There is a preprocessed dask df and I did and can do a lot of operations with it, but a few simple ones throw this error.

I tried resetting index, but it didn't seem, to help.

Question: is there a high lvl answer to what might be wrong? Anywhere I can read about it? Why does it usually happens? Googling didn't help.

For example here is a weird example: I test df stats after each operation to maybe see anything suspicious.

df = load_data()
df.shape[0].compute(), df.npartitions
#ok

df = prepare_target(df)
df.shape[0].compute(), df.npartitions
#ok

x_train, x_test, y_train, y_test = dask_tts(df.drop('target', 1), df['target'], random_state=1)
#ok

x_train['target'] = y_train
x_test['target'] = y_test
#ok

x_train.shape[0].compute(), x_train.npartitions
x_test.shape[0].compute(), x_test.npartitions
#ok

x_train.index.nunique().compute()
x_test.index.nunique().compute()
#ok

train, smooth_dict = smoothed_likelyhood(x_train) # returns df and dict
train.shape[0].compute()
#ok

test, _ = smoothed_likelyhood(x_test)
test.shape[0].compute()
#ok

train.index.nunique().compute()
#ok
test.index.nunique().compute() # after this line - error
# InvalidIndexError: Reindexing only valid with uniquely valued Index objects

to point out, only test throws an error

Here I tried to reproduce it, but it works as it should:

import numpy as np
import pandas as pd
import dask.dataframe as dd
from dask_ml.model_selection import train_test_split

def smoothed_likelyhood(df, alpha=1): # works with dask df
    global_mean = df['target'].mean()
    smooth_dict = {}

    final_df = df.copy()

    for c in [c for c in df.columns if c!='target']:
        n_rows = df[c].value_counts()
        all_means = df.groupby(by=c)['target'].mean()
        temp_result = ((all_means * n_rows + global_mean + alpha) / (n_rows + alpha))    
        final_df[c] = df[c].map(temp_result)
        smooth_dict[c] = temp_result.compute().to_dict()
        
    return final_df, smooth_dict

# TOY EXAMPLE
test = pd.DataFrame({'a':['mos', 'mos', 'london', 'dubai', 'ny', 'mos', 'london', 'dubai', 'shanghai', 'dubai', 'mos', 'london', 'dubai', 'dubai'],
                     'b':['big', 'big', 'big', 'med', 'med', 'med', 'small', 'small', 'small', 'small', 'big', 'med', 'small', 'med'],
                     'target':[1,0,0,1,0,1,1,0,1,1,1,0,0,0]}) 

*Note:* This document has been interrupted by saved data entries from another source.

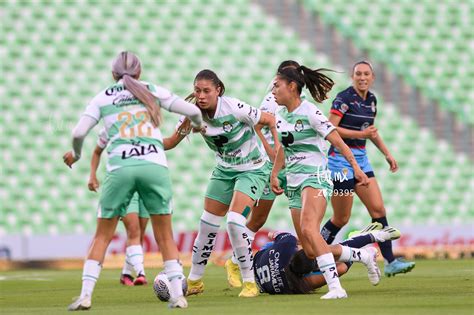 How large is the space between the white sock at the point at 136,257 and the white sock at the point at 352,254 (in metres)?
3.02

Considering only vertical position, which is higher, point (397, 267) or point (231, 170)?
point (231, 170)

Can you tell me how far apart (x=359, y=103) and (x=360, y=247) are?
1.88 metres

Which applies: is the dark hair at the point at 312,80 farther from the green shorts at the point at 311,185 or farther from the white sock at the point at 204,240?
the white sock at the point at 204,240

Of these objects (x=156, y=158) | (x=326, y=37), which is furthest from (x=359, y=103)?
(x=326, y=37)

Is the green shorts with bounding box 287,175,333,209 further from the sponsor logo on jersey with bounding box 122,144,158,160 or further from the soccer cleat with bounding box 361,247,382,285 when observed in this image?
the sponsor logo on jersey with bounding box 122,144,158,160

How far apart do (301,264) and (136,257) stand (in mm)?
3072

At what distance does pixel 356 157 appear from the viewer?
38.7 feet

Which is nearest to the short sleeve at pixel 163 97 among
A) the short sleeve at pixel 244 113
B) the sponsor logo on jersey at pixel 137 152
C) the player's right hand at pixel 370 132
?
the sponsor logo on jersey at pixel 137 152

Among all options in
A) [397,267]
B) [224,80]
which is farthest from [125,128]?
[224,80]

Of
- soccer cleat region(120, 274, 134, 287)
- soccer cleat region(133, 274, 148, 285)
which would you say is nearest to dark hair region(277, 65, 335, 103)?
soccer cleat region(133, 274, 148, 285)

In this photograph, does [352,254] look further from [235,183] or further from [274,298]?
[235,183]

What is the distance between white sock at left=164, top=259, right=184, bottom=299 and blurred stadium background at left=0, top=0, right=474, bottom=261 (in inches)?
382

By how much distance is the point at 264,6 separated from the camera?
73.8 ft

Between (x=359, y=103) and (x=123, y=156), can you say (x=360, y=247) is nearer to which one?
(x=359, y=103) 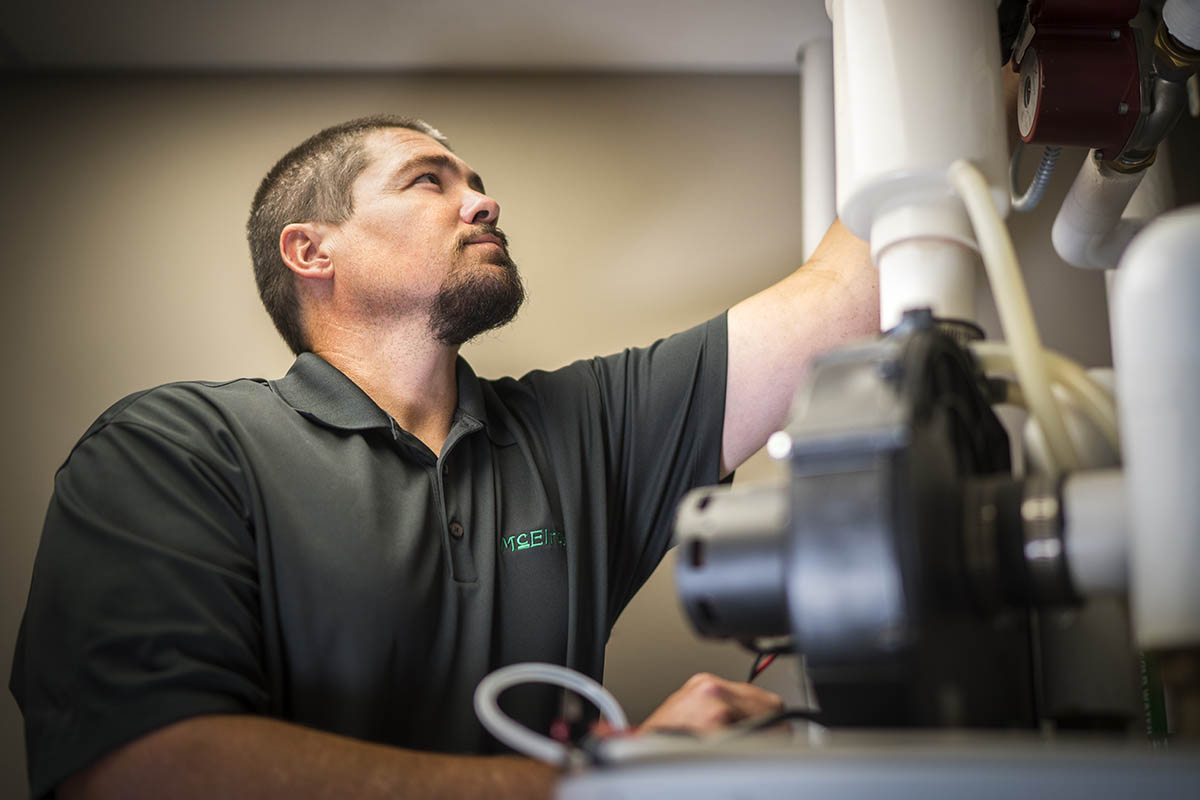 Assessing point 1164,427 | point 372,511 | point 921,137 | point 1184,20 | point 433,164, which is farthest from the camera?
point 433,164

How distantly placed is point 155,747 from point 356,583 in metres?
0.28

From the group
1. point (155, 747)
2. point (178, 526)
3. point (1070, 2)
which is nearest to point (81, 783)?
point (155, 747)

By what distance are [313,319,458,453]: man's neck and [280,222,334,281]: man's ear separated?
0.40 feet

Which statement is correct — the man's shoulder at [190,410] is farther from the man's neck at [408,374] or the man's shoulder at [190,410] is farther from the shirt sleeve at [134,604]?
the man's neck at [408,374]

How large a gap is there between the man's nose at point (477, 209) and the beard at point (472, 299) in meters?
0.06

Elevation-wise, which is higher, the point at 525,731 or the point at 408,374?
the point at 408,374

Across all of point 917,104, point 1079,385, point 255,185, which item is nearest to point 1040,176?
point 917,104

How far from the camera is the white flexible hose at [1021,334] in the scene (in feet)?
1.76

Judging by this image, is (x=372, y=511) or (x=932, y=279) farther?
(x=372, y=511)

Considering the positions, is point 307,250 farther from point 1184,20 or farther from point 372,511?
point 1184,20

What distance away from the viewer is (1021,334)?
21.5 inches

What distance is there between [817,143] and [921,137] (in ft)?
3.52

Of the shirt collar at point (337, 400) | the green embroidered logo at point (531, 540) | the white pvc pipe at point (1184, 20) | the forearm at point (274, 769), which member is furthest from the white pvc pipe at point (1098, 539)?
the shirt collar at point (337, 400)

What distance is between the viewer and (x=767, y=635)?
1.64ft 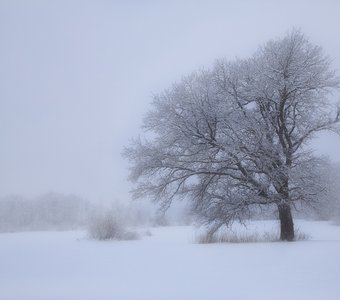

df = dd.from_pandas(test, npartitions=2)
# -----------------------------------------------

print(f'npartitions: {df.npartitions}')
x_train, x_test, y_train, y_test = train_test_split(df.drop('target', 1), df['target'], test_size=0.3, shuffle=True)

x_train['target'] = y_train
x_test['target'] = y_test

print(x_train.shape[0].compute(), x_train.index.nunique().compute())
print(x_test.shape[0].compute(), x_test.index.nunique().compute())

train, smooth_dict = smoothed_likelyhood(x_train)
test, _ = smoothed_likelyhood(x_test)

print(train.shape[0].compute(), train.index.nunique().compute())
print(test.shape[0].compute(), test.index.nunique().compute())

# train.compute()

print(train['target'].mean().compute())
print(test['target'].mean().compute())

This part worked but when I try doing the same with real data:

%%time
df = load_data(stage='prep_2', frac=config.FRAC, verbose=False) # loading many parquet files
df = prepare_target(df) # some small changes to df
# -----------------------------------------------

print(f'npartitions: {df.npartitions}')
x_train, x_test, y_train, y_test = train_test_split(df.drop('target', 1), df['target'], random_state=1)

x_train['target'] = y_train
x_test['target'] = y_test

print(x_train.shape[0].compute(), x_train.index.nunique().compute())
print(x_test.shape[0].compute(), x_test.index.nunique().compute())

train, smooth_dict = smoothed_likelyhood(x_train)
test, _ = smoothed_likelyhood(x_test)

print(x_train.shape[0].compute(), x_train.index.nunique().compute())
print(x_test.shape[0].compute(), x_test.index.nunique().compute())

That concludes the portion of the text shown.